» Source data:
=== Section Start ===
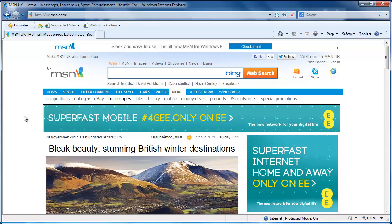First, start Internet Explorer. You will notice there is no menu bar by default, so you will need to activate this.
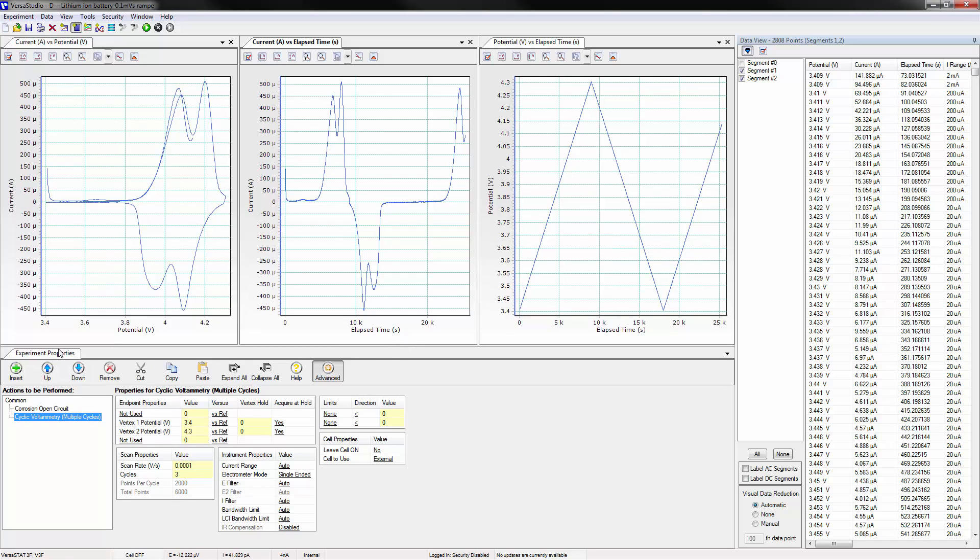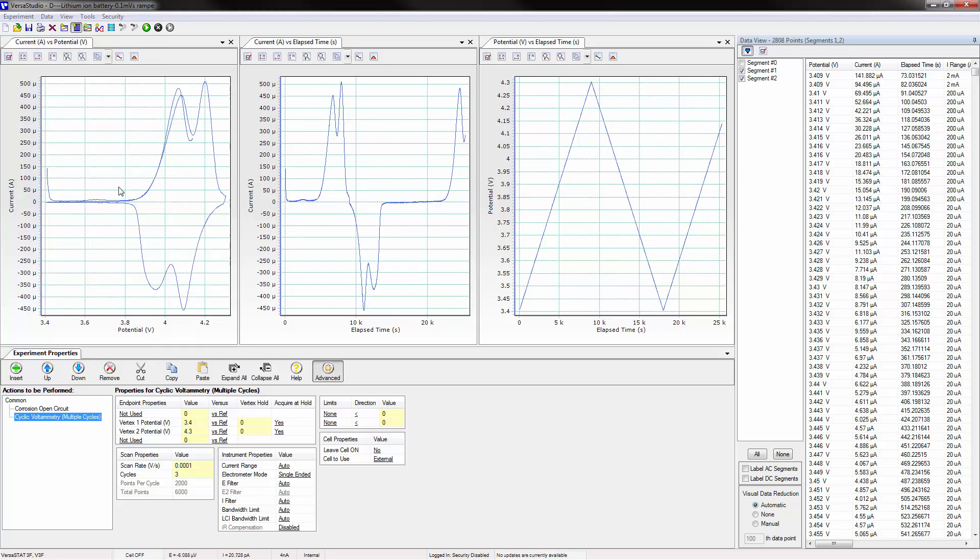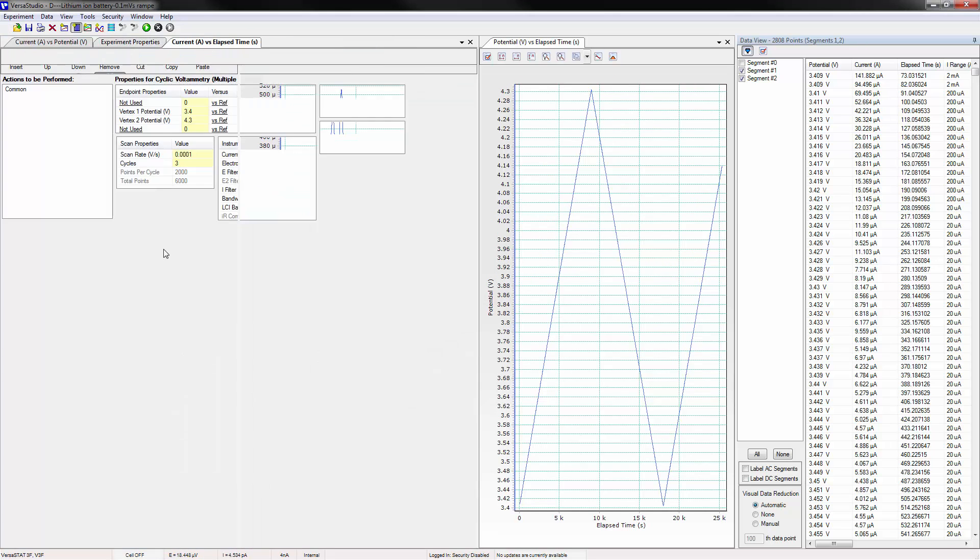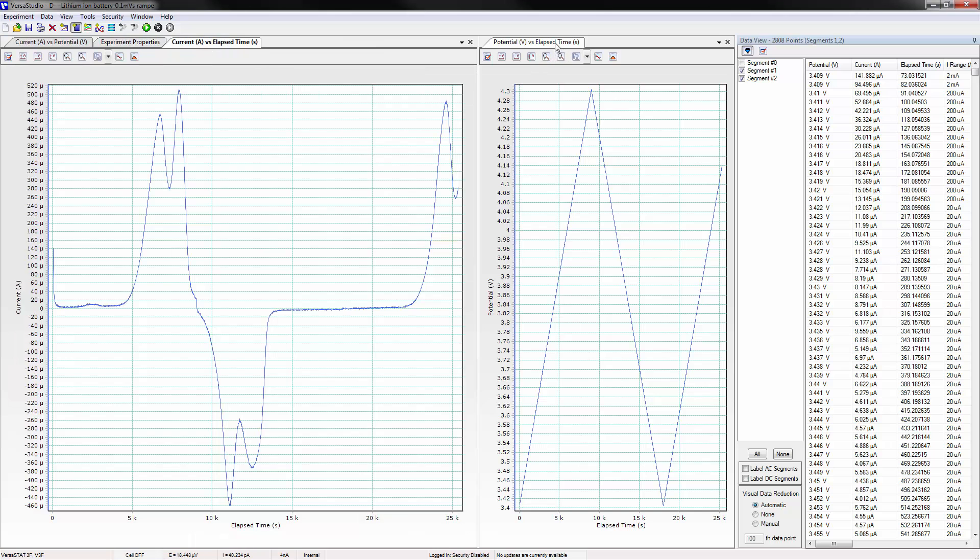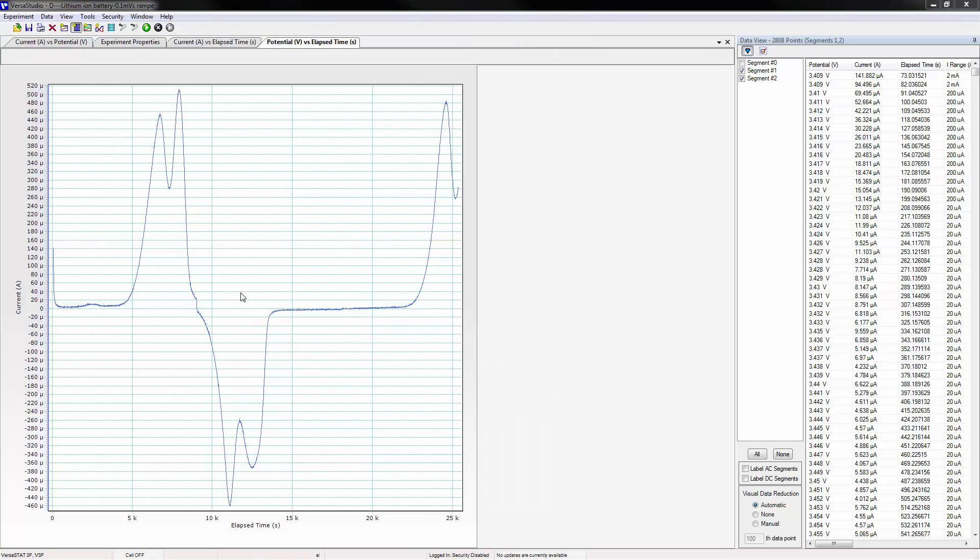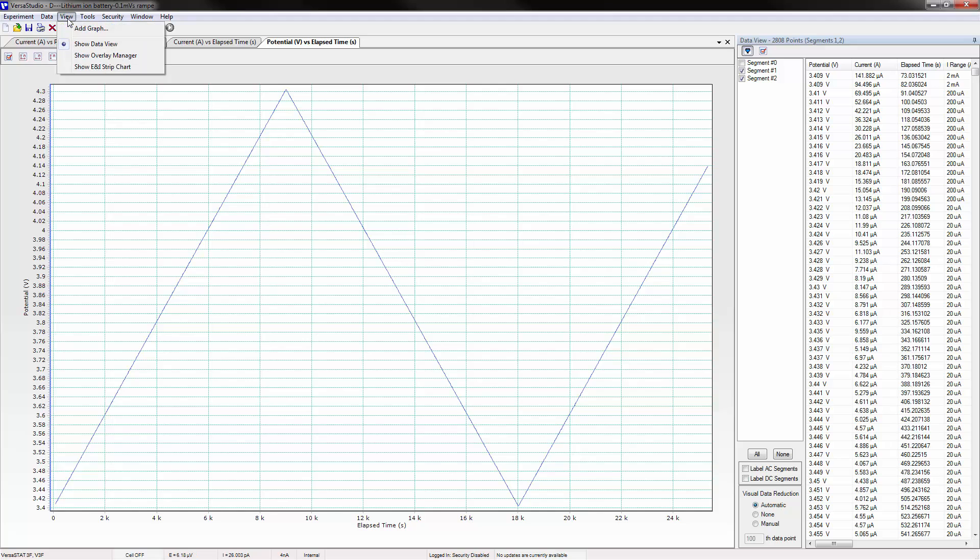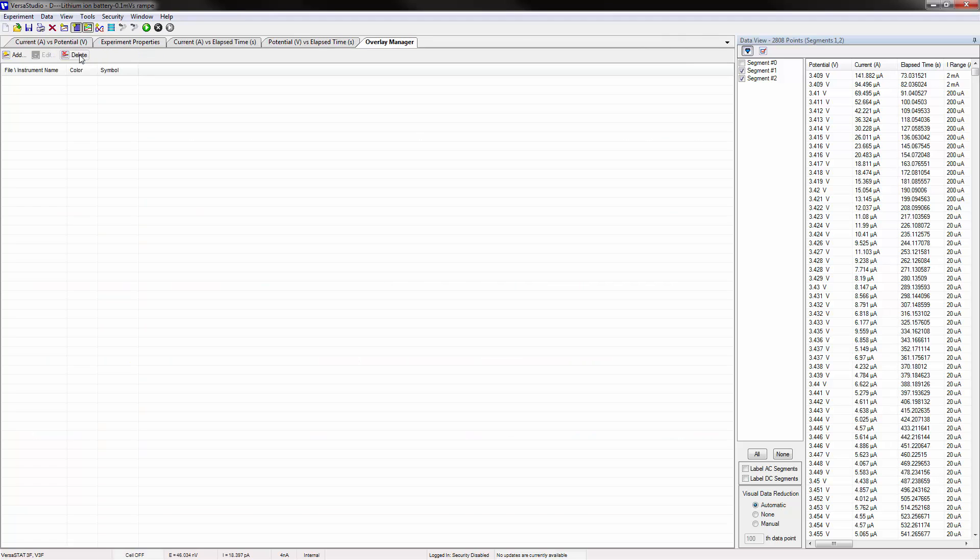The experiment properties window can also be docked and resized. Adding the overlay manager reveals the same options.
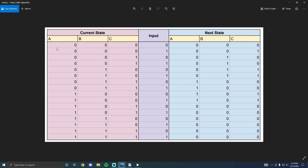Given the state diagram, I designed the state table showing the current state, the input, and the next state. For current state 000 (red) with input zero, the next state is 000 — the light stays red. With input one, the next state is 001, the code for red-and-yellow. At state 001 (red-and-yellow), whether the input is zero or one, the next state is 010 which is green, and this logic applies throughout the rest of the state table.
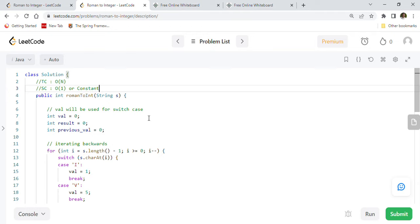Beyond coding problems, we have auxiliary interview-specific videos for freshers and junior developers, including frequently asked Java telephony interview questions, Java design patterns, Java architecture, and SQL programming questions — covering inner join, outer join, aggregate operations, GROUP BY, HAVING, and WHERE clauses — all explained step by step to help you write SQL queries in interview rounds.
=== Section End ===
Please retype the data exactly, but do not carry over any picture.

» Answer to this task:
First, start Internet Explorer. You will notice there is no menu bar by default, so you will need to activate this.
The experiment properties window can also be docked and resized. Adding the overlay manager reveals the same options.
Given the state diagram, I designed the state table showing the current state, the input, and the next state. For current state 000 (red) with input zero, the next state is 000 — the light stays red. With input one, the next state is 001, the code for red-and-yellow. At state 001 (red-and-yellow), whether the input is zero or one, the next state is 010 which is green, and this logic applies throughout the rest of the state table.
Beyond coding problems, we have auxiliary interview-specific videos for freshers and junior developers, including frequently asked Java telephony interview questions, Java design patterns, Java architecture, and SQL programming questions — covering inner join, outer join, aggregate operations, GROUP BY, HAVING, and WHERE clauses — all explained step by step to help you write SQL queries in interview rounds.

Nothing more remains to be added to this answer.